Key words: Islam, colonizing-decolonizing, history, syllabus, textbooks



« Le discours sur l’histoire conçue comme vecteur d’une mémoire dans laquelle puissent communier tous les Français » est plus vieux que la République en France, comme le montrent les travaux historiques sur l’enseignement de l’histoire (Garcia Leduc, 2003, p. 50-51, Bruter, 2007). Il remonte au moins à Guizot, qui écrivait : « L’histoire c’est la nation, c’est la patrie à travers les siècles ». Il parlait de sa politique en ces termes : « J’avais à cœur de faire rentrer la vieille France dans la mémoire et dans l’intelligence des générations nouvelles ». Pour lui comme pour Lavisse un peu plus tard et pour les penseurs de l’école républicaine, l’histoire que l’on écrit et que l’on enseigne est un « opérateur de réassurance » nationale, elle associe intimement une visée cognitive et une finalité politique. Aujourd’hui, la modalité politique et tendue vers l’avenir de l’histoire enseignée officiellement n’est plus la même qu’à l’époque de Guizot ou de Lavisse. Elle est moins patriotique, elle inclut une part de critique et d’internationalisme, on le verra. Mais la dimension politique du curriculum, passant spécifiquement par l’histoire, demeure sensible. Cette part politique intégrée au projet d’enseignement de l’histoire dans les Etats-nations contemporains se laisse lire comme une variante du programme anthropologique de l’histoire tel que Koselleck nous a appris à le comprendre : l’histoire est toujours encastrée dans un « horizon d’attente » qui l’oriente essentiellement (Koselleck, 1990). Tous les Etats contemporains ont besoin d’assurer l’avenir par la « communalisation » nationale (pour reprendre le concept de Weber). Ils s’efforcent de favoriser celle-ci notamment par l’école publique. Et l’histoire est souvent une composante privilégiée du curriculum à cette fin.
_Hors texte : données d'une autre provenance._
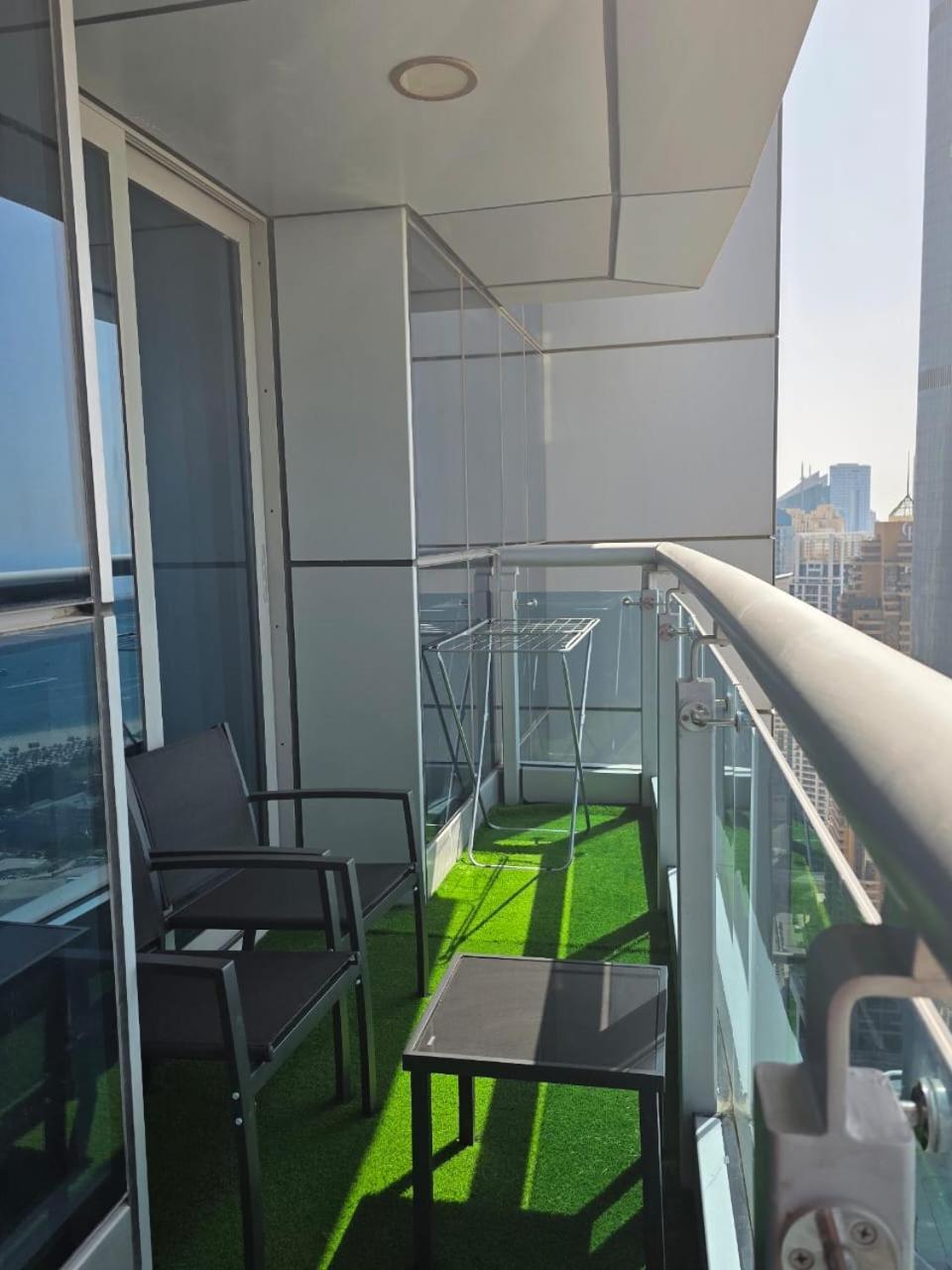 Apartment 49- Panoramic Views From Luxe 2br Princess Tower Apartment- Free Parking - Walk To Tram *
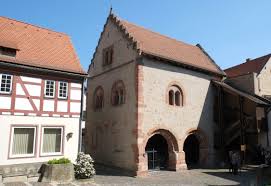 Haus zum kauf in seligenstadt. Datei Seligenstadt Romanisches Haus 1278 Jpg Wikipedia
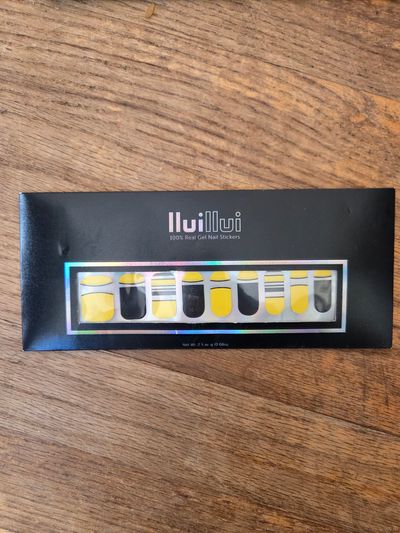 Brand New lluillui nails Bumble bee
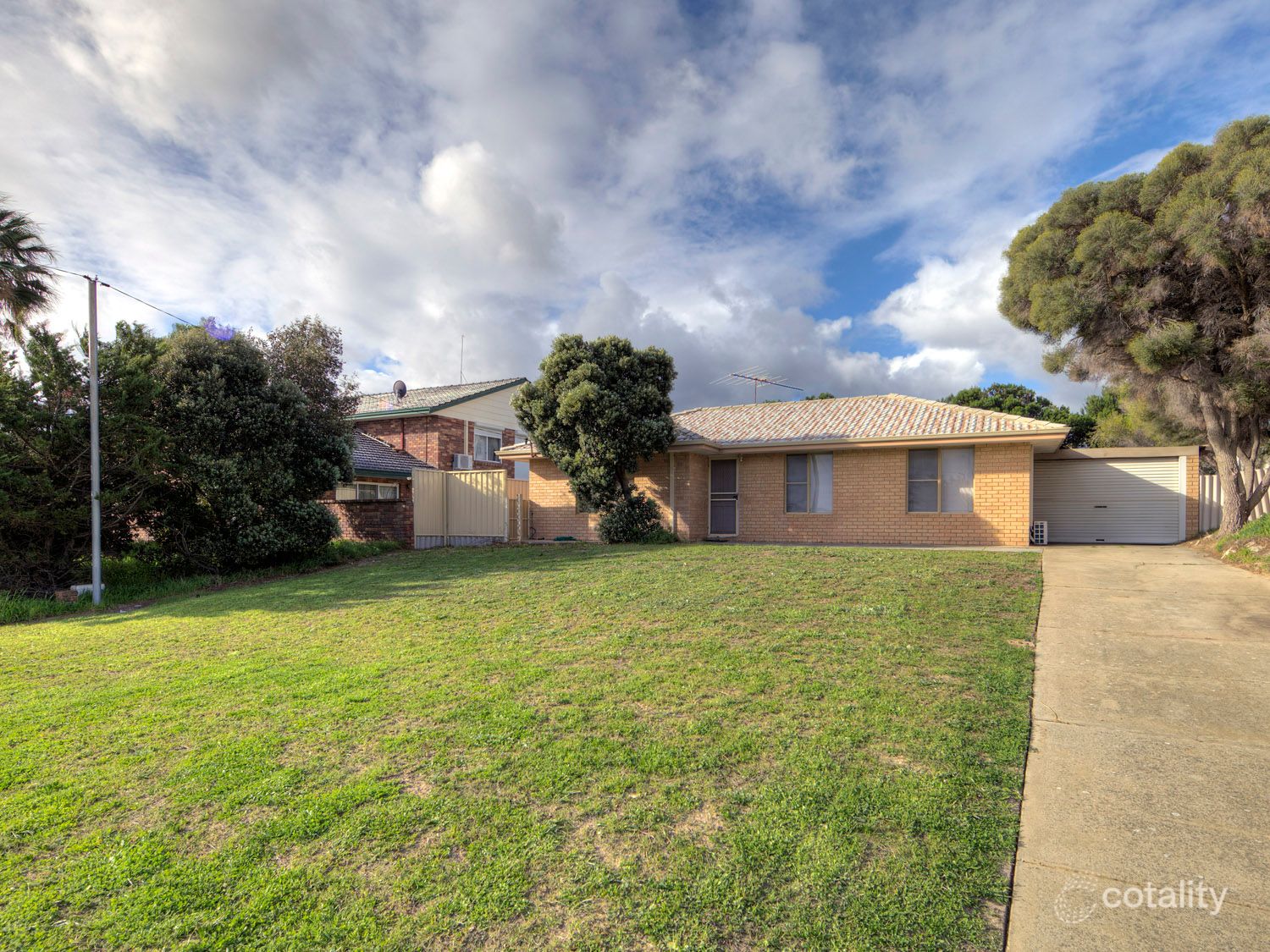 114 Lagoon Dr, Yanchep, WA 6035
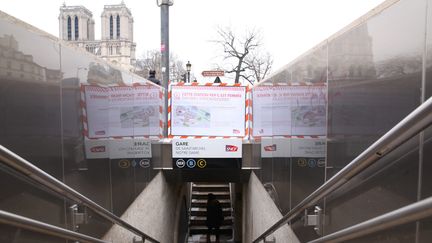 La station de RER Saint-Michel Notre-Dame, à Paris, en mars 2018.&nbsp; (MAXPPP)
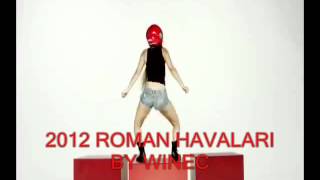 ROMAN HAVASI BAMBASKA BIR KELETIRYA BY WINEC Resimi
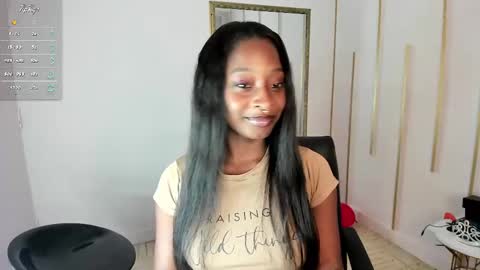Snapshot of nayariskaya chatting on February 13, 6:05 pm Nayaris 3 online show from February 13, 6:05 pm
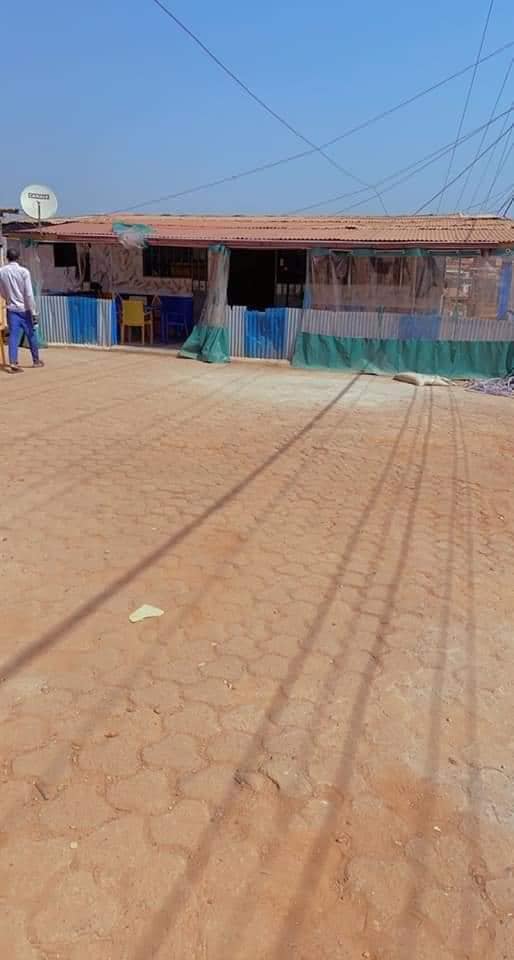 Fonds de commerce à vendre Laverie - Bar-restaurant Yaoundé Essomba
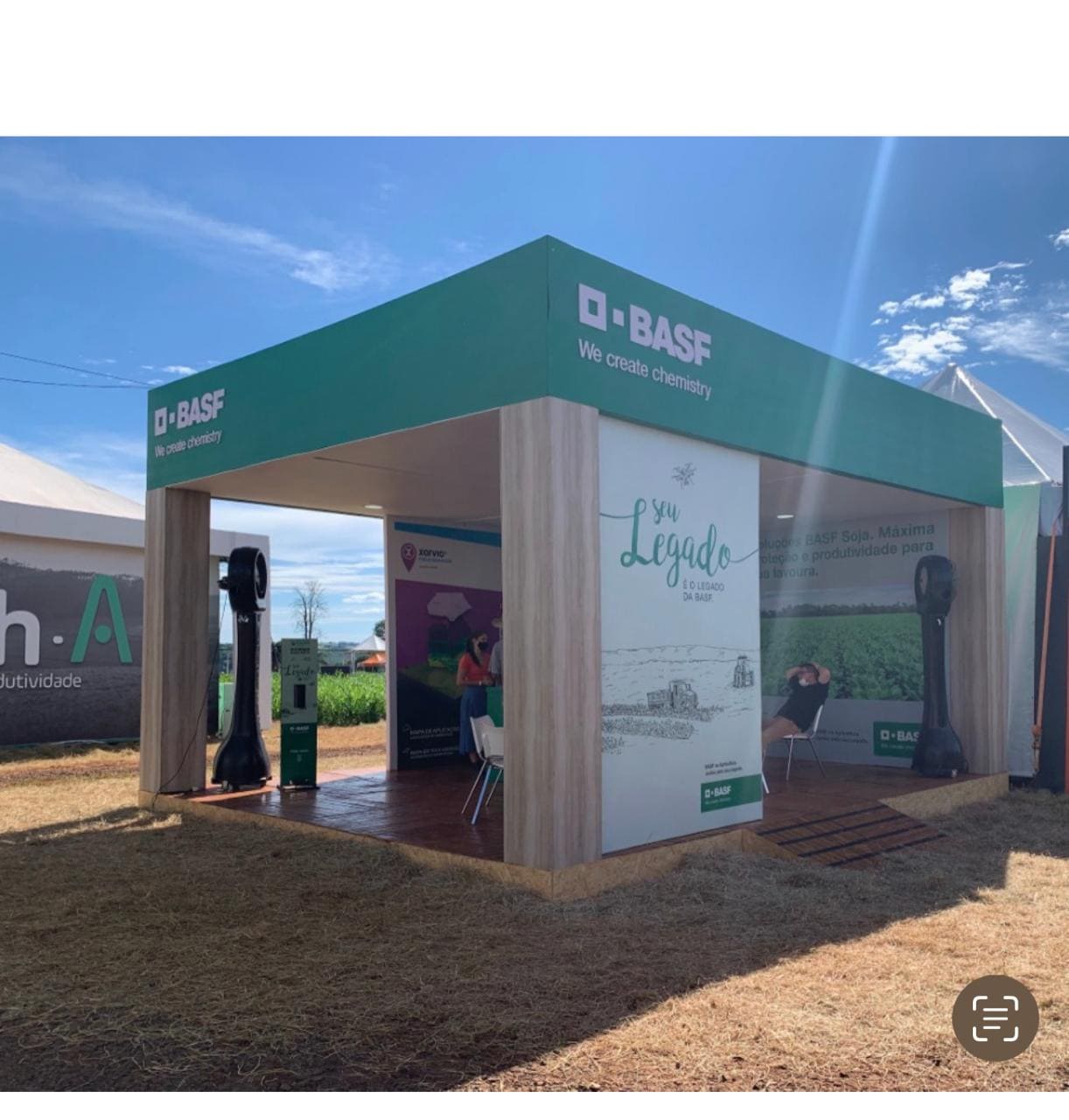 Estande Construído em madeira - Projeto 100% personalizado e exclusivo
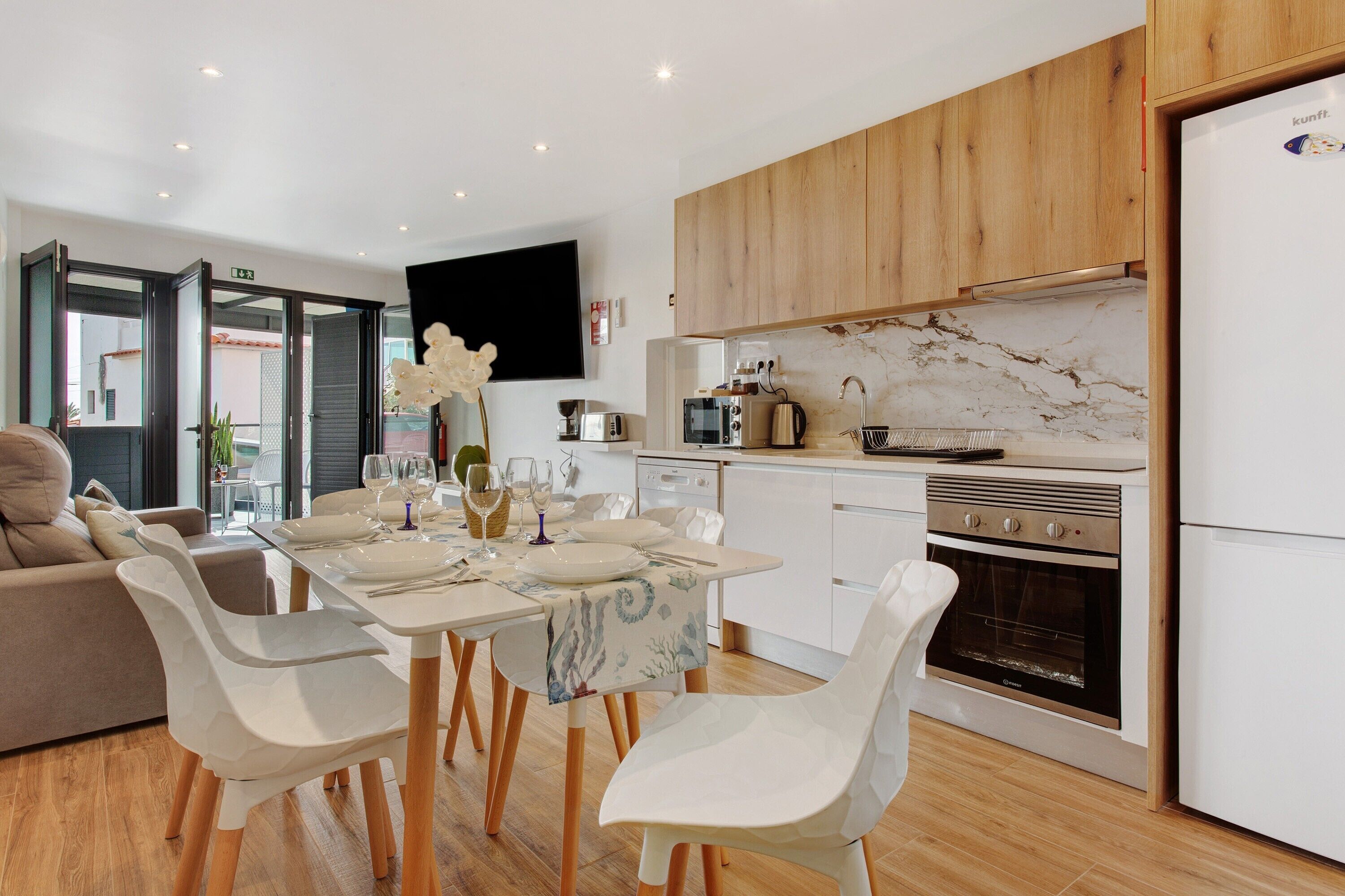 Réfrigérateur, micro-ondes, four, plaque de cuisson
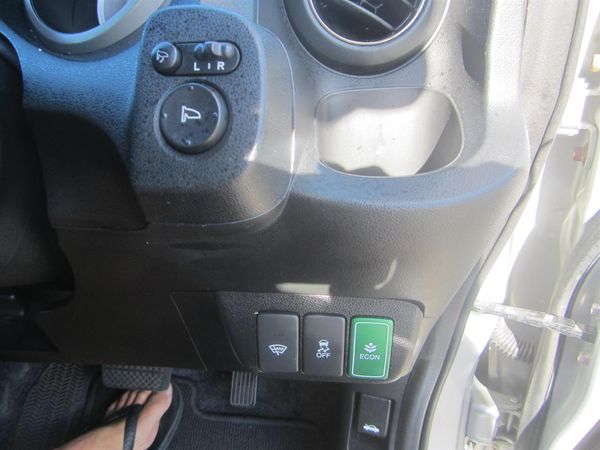 2012 Honda Fit Hybrid Carousel 4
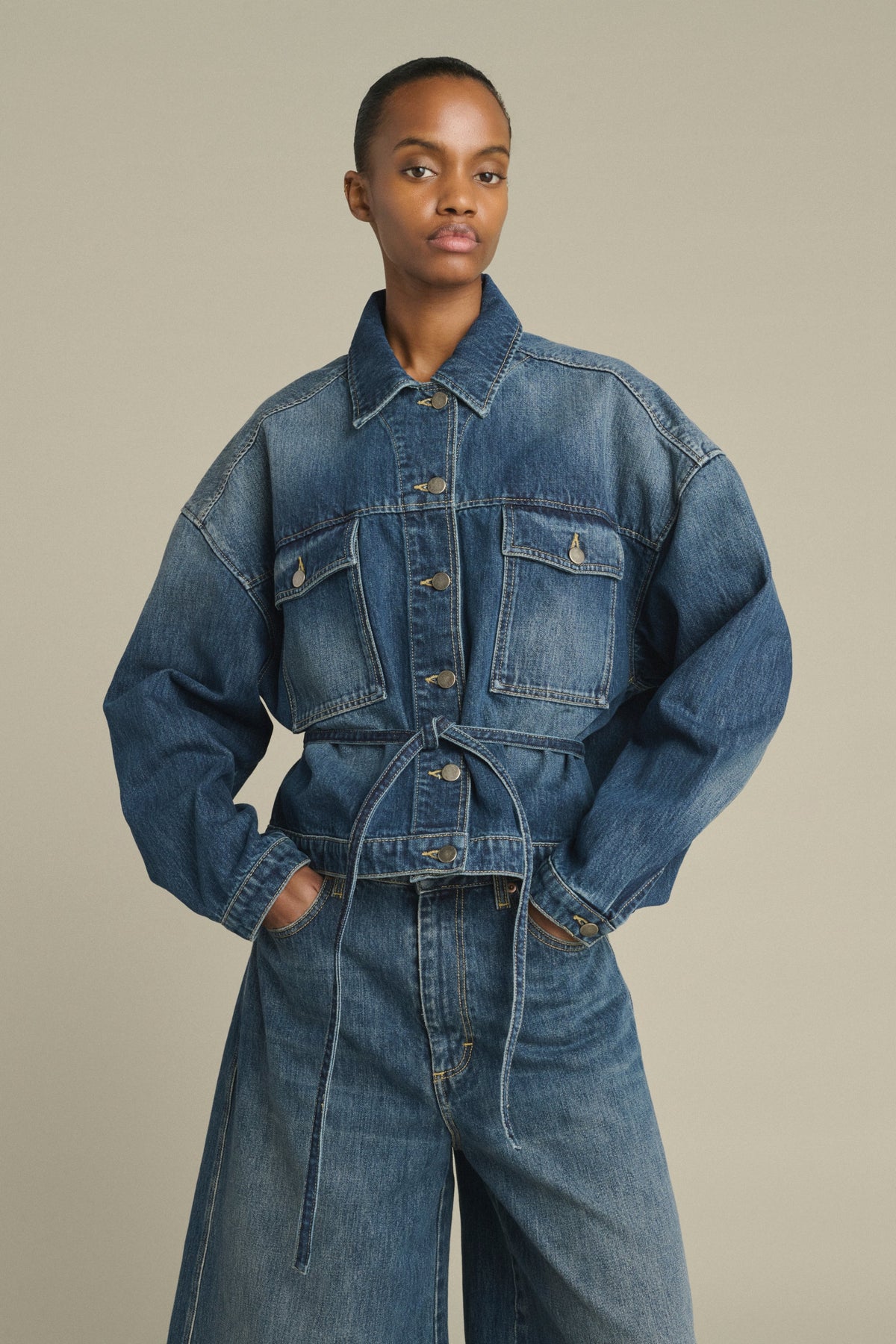 Blouson en denim ceinturé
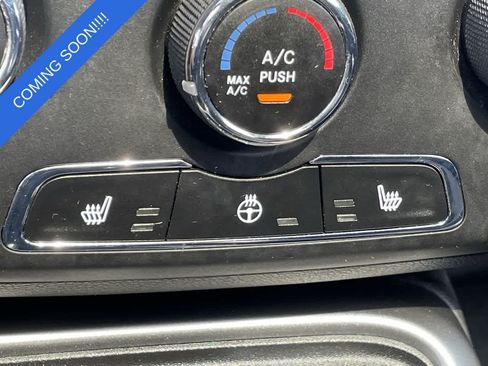 Used 2018 Jeep Compass Latitude w/ Cold Weather Group AWD/4WD image 21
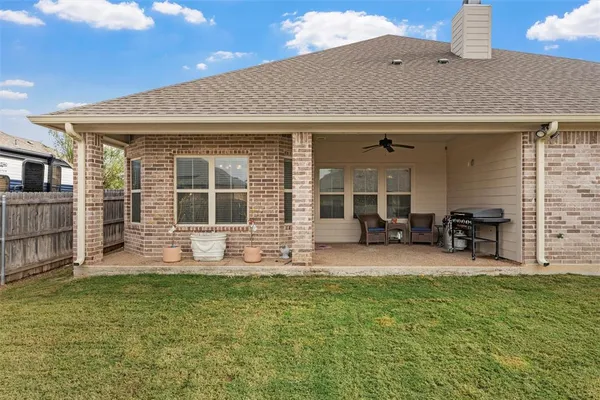 $465,000 | 717 Wintergreen Drive, Hewitt, TX 76643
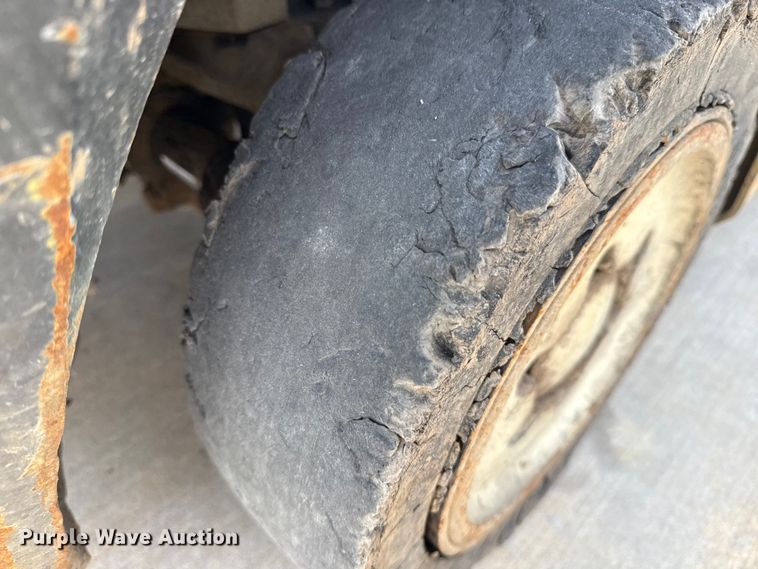 image for item DJ7787 2004 Yale GLC050RGNUAE084 forklift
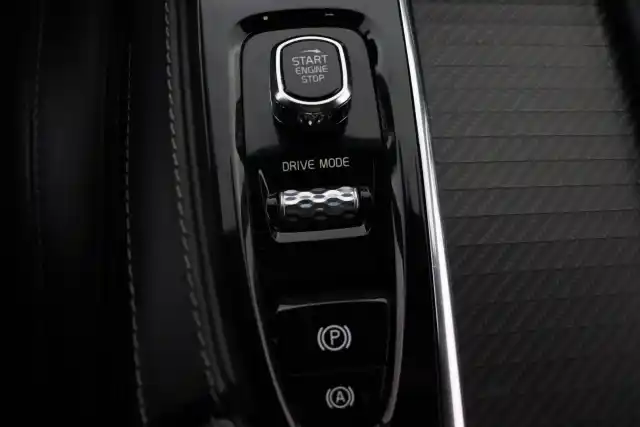 Valkoinen Maastoauto, Volvo XC90 – KVP-108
Dans cette perspective, la question se pose de saisir la façon dont l’histoire enseignée à l’école aujourd’hui en France fait une place aux transformations sociétales qui engagent l’avenir collectif. C’est le cas notamment des flux migratoires post-coloniaux, qui ont renouvelé la population de la France. Combien sont les élèves issus de ces flux ? Leur taux moyen est mal connu, mais il est à coup sûr significatif et peut être localement très élevé. De plus, ces flux ont modifié l’imaginaire collectif du Nous, ils ont introduit un sentiment de pluralité culturelle inédite donnant naissance à des représentations ethno-raciales de la diversité interne de la société, et ce en décrochage marqué par rapport au principe d’invisibilité des appartenances non-politiques cher à la philosophie républicaine. Du coup ils instillent de l’inquiétude et du « problème » dans l’appréhension de l’avenir commun. Comment l’histoire enseignée prend-elle en compte ces transformations, comment amène-t-elle les élèves, tous les élèves, à faire sens de leur expérience de la pluralité sociale et spécialement du racisme, dont tous sont conscients à des titres divers ? Comment les prépare-t-elle à leur destin commun ? Antoine Prost disait en 1984, lors du Colloque national sur l’histoire et son enseignement réuni par Alain Savary : « D’une certaine manière, l’histoire nous permet de cohabiter, de vivre ensemble et de former une collectivité. Son importance pour la nation vient des divisions mêmes de celle-ci » (Prost, 1984, p. 136). Cette réflexion prend tout son sens dans le contexte des flux migratoires post-coloniaux. Jacques Le Goff, alors président de la commission consultative sur l’enseignement de l’histoire, est encore plus explicite dans les conclusions du même colloque : « L'histoire de Lavisse et de Mallet-Isaac était celle d'une nation rassemblée autour de la conscience de son unité affirmée vaille que vaille, de la valeur universelle de son modèle. L'histoire de la France aujourd'hui doit assumer ses divisions du passé et du présent et, sans les gommer, montrer que cela n’empêche pas les Français de vouloir vivre ensemble » (Le Goff, 1984, p. 166).
L’objet de cette contribution est de faire un point sur l’évolution des réponses apportées à ce titre par l’enseignement de l’histoire. Les programmes d’histoire du second degré (collège et lycée général et technologique) ont été examinés sur une trentaine d’années. Ils seront mis en perspective avec les manuels. Les programmes et manuels d’histoire en école primaire, d’instruction civique (au collège) et d’ECJS (au lycée) n’ont pas été pris en compte, ce qui constitue une limite de l’investigation.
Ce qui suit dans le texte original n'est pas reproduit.